**Dataset entries**.

>>>>

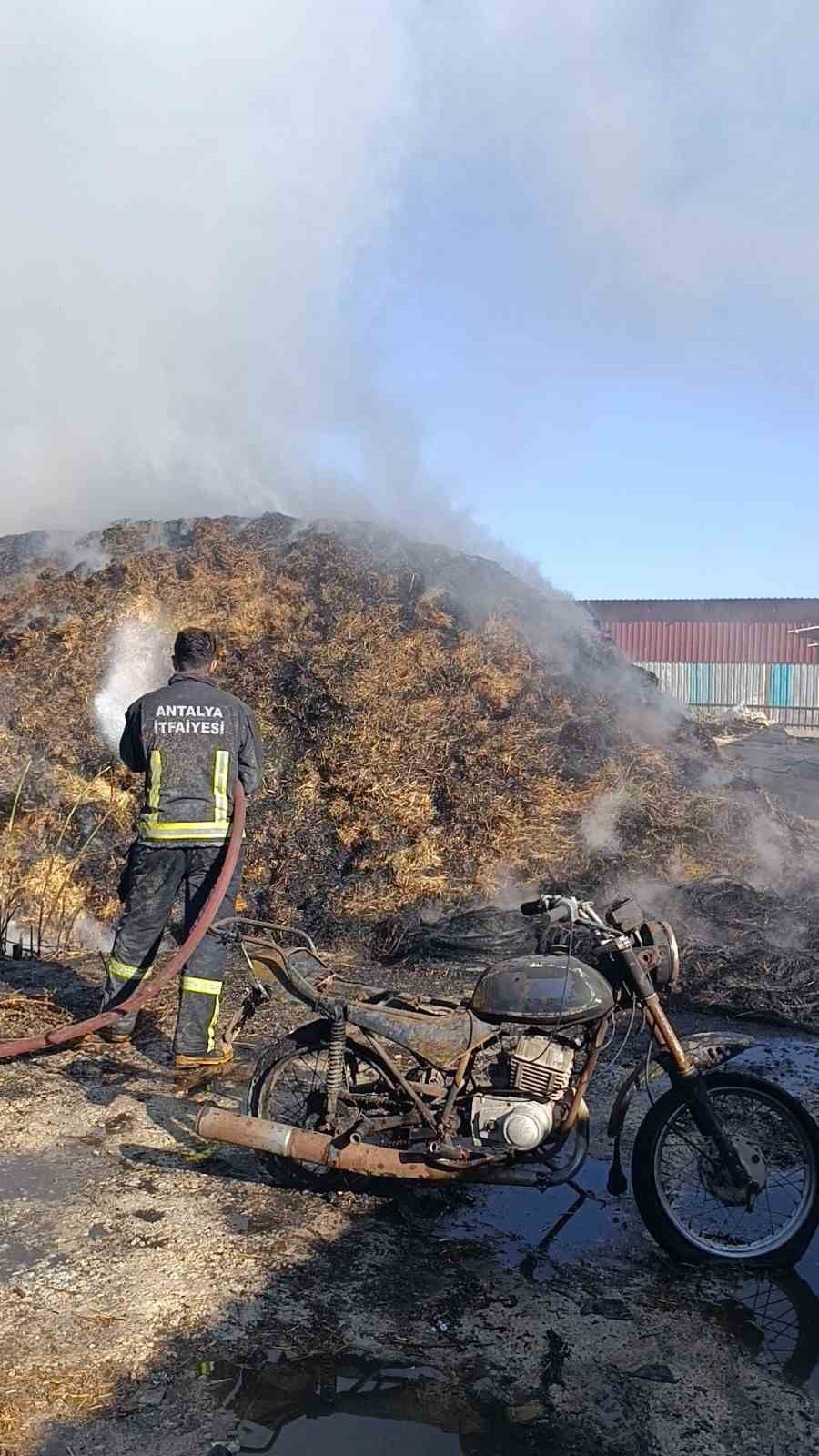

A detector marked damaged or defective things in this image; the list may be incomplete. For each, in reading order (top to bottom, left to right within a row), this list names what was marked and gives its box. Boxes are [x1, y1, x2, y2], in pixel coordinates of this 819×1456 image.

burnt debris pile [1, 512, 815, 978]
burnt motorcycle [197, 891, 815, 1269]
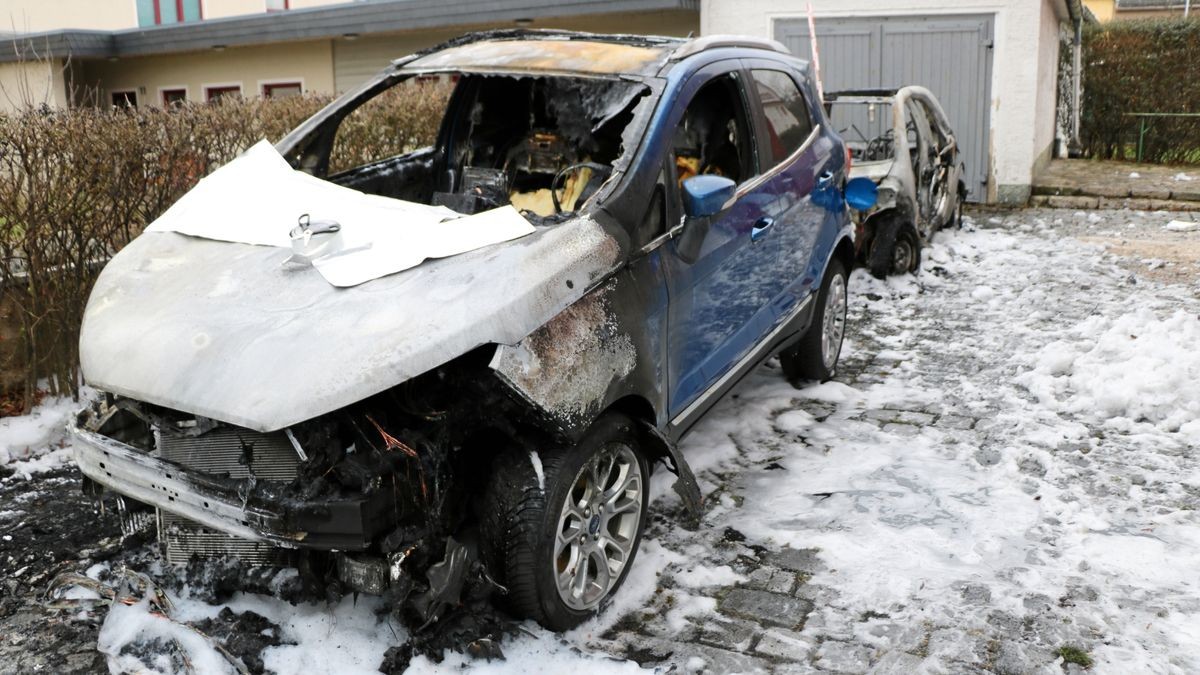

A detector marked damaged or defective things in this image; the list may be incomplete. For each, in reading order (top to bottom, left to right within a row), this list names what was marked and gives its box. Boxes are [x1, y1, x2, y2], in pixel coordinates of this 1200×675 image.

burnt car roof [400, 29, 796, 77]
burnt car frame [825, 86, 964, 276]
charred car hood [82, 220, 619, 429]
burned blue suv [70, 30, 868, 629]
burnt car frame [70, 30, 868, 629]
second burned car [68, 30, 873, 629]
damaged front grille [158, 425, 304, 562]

<<<<

**REQUIRED ACTION**.
Write out, exactly as shown, only the lines running from the one that contains "this 1200×675 image." to the last line above.

**RESULT OF THIS EXERCISE**.
A detector marked damaged or defective things in this image; the list may be incomplete. For each, in reading order (top to bottom, left to right within a row), this list names what was marked and gives its box. Boxes are [x1, y1, x2, y2], in pixel coordinates of this 1200×675 image.

burnt car roof [400, 29, 796, 77]
burnt car frame [825, 86, 964, 276]
charred car hood [82, 220, 619, 429]
burned blue suv [70, 30, 868, 629]
burnt car frame [70, 30, 868, 629]
second burned car [68, 30, 873, 629]
damaged front grille [158, 425, 304, 562]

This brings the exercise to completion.